Une charte pour se donner bonne conscience.
La lutte contre la corruption en Tunisie butte contre une administration récalcitrante, un faible engagement des politiques et un manque de crédibilité de la justice.
Par Yassine Essid
Nous allons finir par pouffer de rire aux initiatives gouvernementales qui traduisent à chaque fois une physique amusante qu’on devrait ranger dans le registre des jongleries politiques.
Après l’illusion de la conférence «Tunisie 2020», destinée à décréter les conditions favorables aux investissements étrangers et à stimuler de généreuses promesses, voici venu le temps de l’engagement contre la corruption, baïonnette au canon, sans trêve ni trucage, prôné avec insistance et solennité.

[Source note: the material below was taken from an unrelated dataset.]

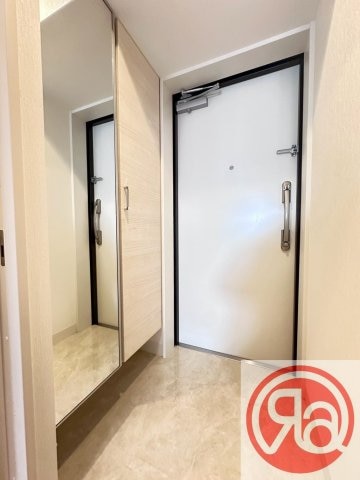 Cherry　Blossom五条通の物件内観写真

Un engagement du gouvernement avec lui-même
Ce combat est d’autant plus pressent qu’il va de pair avec la bonne gouvernance démocratique. Un «mot fétiche», aux significations floues, et l’exemple de l’affaiblissement graduel que subissent dans l’usage les significations de certains néologismes. Gouvernance est cependant devenue un paradigme incontournable des politiques de développement permettant de générer la confiance nécessaire à la croissance économique que les gouvernements d’Etats, dits fragiles, entendent incarner.

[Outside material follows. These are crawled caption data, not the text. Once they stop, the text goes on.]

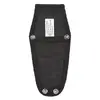 Чехол wolfcraft GmbH 4281000 Photo 3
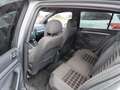 Volkswagen Golf V Lim. GTI Grau - thumbnail 6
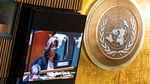 Saat AS Dikucilkan di Sidang PBB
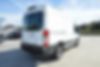 1FTYR1CM7KKB10595-2019-ford-transit-250-2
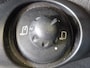 MINI Countryman 1.6 Cooper S ALL4 Chili Panodak - NL Auto - Leer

Chawki Tabib présente au président Caïd Essebsi le projet de stratégie nationale de lutte contre le terrorisme.
La lutte contre la corruption constitue en effet un axe central de la bonne gouvernance car négligée, elle risque de réduire l’efficacité de toute aide financière étrangère et de toute politique de croissance. Voulant d’ailleurs concilier dans une juste mesure la bonne gouvernance avec la lutte contre la corruption, le chef du gouvernement a accablé, sous une charge excessive, son ministre de la Fonction publique dont la mission consisterait entre autre choses à neutraliser le germe du mal et à féconder celui du bien au risque d’une ruine subite de toutes ses forces.

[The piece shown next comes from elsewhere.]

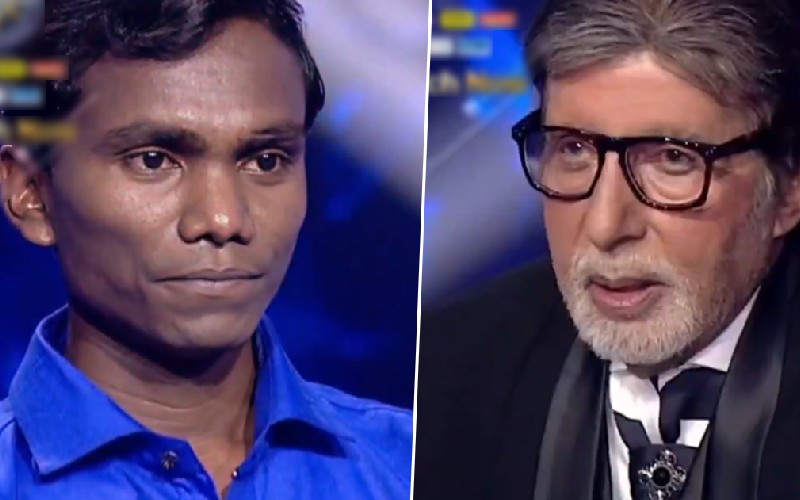 Kaun Banega Crorepati Season 16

La dernière initiative gouvernementale ne manque pas d’humour. A défaut d’agir sans états d’âme et avec une profonde acuité contre un mal, aujourd’hui, reconnu par tous et qui sape les fondements de l’Etat et la société, les bâtisseurs de ruines du Premier ministère avaient imaginé une formule contenant la promesse d’appliquer scrupuleusement les lois et les droits de la nation et qui aurait l’insigne avantage de régler le problème en quelques mots. Il s’agit, plus spécifiquement, d’une «charte relative à la bonne gouvernance et à la corruption» qui n’est en fait qu’un engagement du gouvernement avec lui-même. Une prise de décision formalisée que Youssef Chahed s’octroie pour croire et faire croire qu’il prend sérieusement en main les actions concrètes de certains choix et options stratégiques contre une calamité qui suscite chaque jour un peu plus d’inquiétude.
Ainsi, nous lutterons désormais contre les désordres sociaux à travers d’évangéliques paraboles de bonne conduite. Dans le cas présent c’est «Aidez-vous les uns les autres et la corruption finira par disparaître».
Sur ce registre, gouvernements et experts n’arrêtent pas de tourner en rond. Or, les outils existent déjà, mais sont dévoyés et les lois non appliquées. La charte de M. Chahed apparaît donc pour ce qu’elle est : une suite de principes et de bonnes intentions absolument sans effet.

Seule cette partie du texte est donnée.